Sharing some (not) fun we had the other day at Klout with the leap

Sharing some (not) fun we had the other day at Klout with the leap second
http://engineering.klout.com/2015/07/leap-second-induced-downtime-post-mortem

Thanks for posting this. I see (unrelated) reports of high CPU usage in various applications - possibly the afflicted parties are still running old kernels, as this looks similar to the 2012 issue. See

If you knew that this is coming, and knew that you had problems in the past, why didn’t you take a preventive approach this time? Smearing the change seemed to have worked well for Google on the past.

Two observations on smearing: several financial exchanges implemented their own chosen methods of smearing, with the result that they were mutually adrift by variable amounts in the hours before and after; google has publicly visible timeservers which provide google time, which is indeed smeared across leaps, but it’s not clear whether and how these servers should be used by the public.

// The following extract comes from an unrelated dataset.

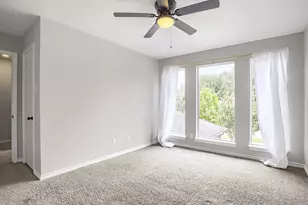 16505 Cornwall St, Jersey Village, TX 77040 - Photo 24
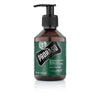 Rinfrescante Champú Para Barba 200 Ml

I have a very small team, our capacity to plan and take preventative measures is correspondingly small. Given the inconsistent failure modes in the prior leap second events, “unknown unknowns” and competing priorities it was difficult to give this advance attention it was owed. However, I plan to take the damage done here into the conversation in advance of the next leap second, smearing will be one of the topics. Hopefully this be our last “damn, that hurt” post mortem that’s leap second related.

@EdS , well, you’d roll your own.

@Ian_Kallen I’m working in IT operations, and I hate when people end up feeding The Machine their own blood. The aim of postmortems is to do better next time. If only to avoid people burning out by repeated stress.

@EdS ​ See http://developerblog.redhat.com/2015/06/01/five-different-ways-handle-leap-seconds-ntp/ for how to do smearing without relying on an external entity.

Oh wow @Michael_Stapelberg reading the linked ntpd discussion at http://bugs.ntp.org/show_bug.cgi?id=2745 gives such a sinking feeling. See comment 23. It kind of looks like they had 3 months of debate then made a change the day before the leap second.
I like Google’s slew, but they haven’t fully specified what they do. I’d want as many systems as possible to use the same tactics - not some homegrown approximation of each other. There could be a http://slew.pool.ntp.org for example.
With leap seconds in play, and a time representation that excludes them, either time must be non-monotonic, or it must be up to half a second adrift and run at a false rate. A rock and a hard place.

I think we’d be better off with fewer events like this. For example, aggregate 10 leap-seconds into one 10-second leap.

There doesn’t seem to be a good reason to keep the nominal clocks within one second of the “ideal” and each clock adjustment event like this costs us a lot collectively.

Part of me wants to agree. But the less often we encounter a leap, the less experience we have and the more likely to neglect to handle it - see for example the year 2000 leap year, which was a one in 400-year event. Also a bigger jump might well affect more systems and more severely.

My rationale is that we cannot dedicate enough resources, be vigilant enough if this happens frequently, so it’s all wishy-washy, “hopefully I will not be impacted” (even if I’m aware leap second is upcoming). By making it less frequent we can handle it more robustly – currently it’s not frequent enough for all the kinks to be ironed out for it to be a non-event and not rare enough, so one cannot afford to take some time to prepare to each event either. I’m not insisting this is right, but it seems like a reasonable solution.

I could maybe be happy with a solution which says we wait until the difference is 15 mins. After all, the only thing we’re preserving with leap seconds is some approximation to local noon, and that’s almost always adrift because timezones are at least an hour wide.
The leaps would then be so rare that it’s akin to saying we just don’t need them.
In fact why not: by the time local noon has drifted by an hour, people will be used to the idea that it’s drifted.